SPRINGFIELD, MINN. - Freezing fingers and frosty breath were the only signs of life inside the cavernous Ochs Brick plant on Monday as five managers trudged through the silent factory that resembled a long-forgotten icebox.
In normal times, this plant would be humming, workers sweating and bricks baking in 2,050-degree kilns. Long channels of flame would cook clay in an orange-red glow, supporting 60 families from six nearby towns.
But that was before the housing market collapsed and Minnesota's last independent brick factory shut down in October.
Matt Van Hoomissen, the company's shy and boyish CEO, president and co-owner, had hoped to win the contract to supply bricks to the new University of Minnesota football stadium to keep the kiln fires burning. But the contract didn't come through. The stadium's bricks will come from Nebraska instead.
Then the phone rang in December. Van Hoomissen picked up the receiver and heard the voice of Dennis Knautz, president and CEO of the nation's largest brick company, Berkshire Hathaway's Acme Brick Co. in Fort Worth, Texas. Knautz and Van Hoomissen had never met, but Knautz had heard through a customer that Van Hoomissen and his wife, Peggy, might be interested in selling.

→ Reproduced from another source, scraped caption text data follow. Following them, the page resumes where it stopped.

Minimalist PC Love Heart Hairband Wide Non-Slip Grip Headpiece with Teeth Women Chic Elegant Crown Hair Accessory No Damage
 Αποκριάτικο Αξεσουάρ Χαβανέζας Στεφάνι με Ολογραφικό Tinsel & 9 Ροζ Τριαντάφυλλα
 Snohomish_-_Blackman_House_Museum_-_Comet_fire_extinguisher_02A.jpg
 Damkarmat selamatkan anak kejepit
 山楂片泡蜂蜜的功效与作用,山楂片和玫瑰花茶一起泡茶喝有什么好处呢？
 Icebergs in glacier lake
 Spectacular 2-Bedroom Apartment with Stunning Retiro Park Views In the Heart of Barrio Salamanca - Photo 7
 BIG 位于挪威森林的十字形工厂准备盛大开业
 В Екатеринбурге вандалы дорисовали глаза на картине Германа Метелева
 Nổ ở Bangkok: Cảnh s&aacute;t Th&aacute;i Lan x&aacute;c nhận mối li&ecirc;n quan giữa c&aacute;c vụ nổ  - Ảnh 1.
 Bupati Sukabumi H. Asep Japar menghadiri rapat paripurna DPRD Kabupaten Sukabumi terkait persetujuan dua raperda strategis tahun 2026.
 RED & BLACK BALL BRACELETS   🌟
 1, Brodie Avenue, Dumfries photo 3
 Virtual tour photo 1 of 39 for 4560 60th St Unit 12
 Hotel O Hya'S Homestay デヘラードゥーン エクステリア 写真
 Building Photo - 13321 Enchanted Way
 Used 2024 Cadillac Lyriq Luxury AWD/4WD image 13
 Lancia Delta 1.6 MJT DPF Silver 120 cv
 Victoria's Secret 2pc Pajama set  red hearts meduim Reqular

The deal closed Feb. 1 for an undisclosed price, giving Berkshire Hathaway another Minnesota operation to go along with Edina-based International Dairy Queen and Edina Realty parent Home Services of America.
"I knew who Dennis was, most definitely. And I was excited to receive that phone call because they have a wonderful, wonderful reputation in the business," Matt Van Hoomissen said. "This was not the greatest time to be selling the company," he acknowledged. Knautz declined to say what brought Ochs to the attention of Berkshire Hathaway's brick, stone and quarry business. But he said it's not unusual to see companies related to home-building that are struggling now.
"In the Fort Worth area where I am, housing starts are down 40 percent from the prior year," Knautz said, noting that some Twin Cities markets also are down 20 to 40 percent. "When you are an individual entrepreneur and have a single operation, you don't have the dispersion across several markets to survive some things."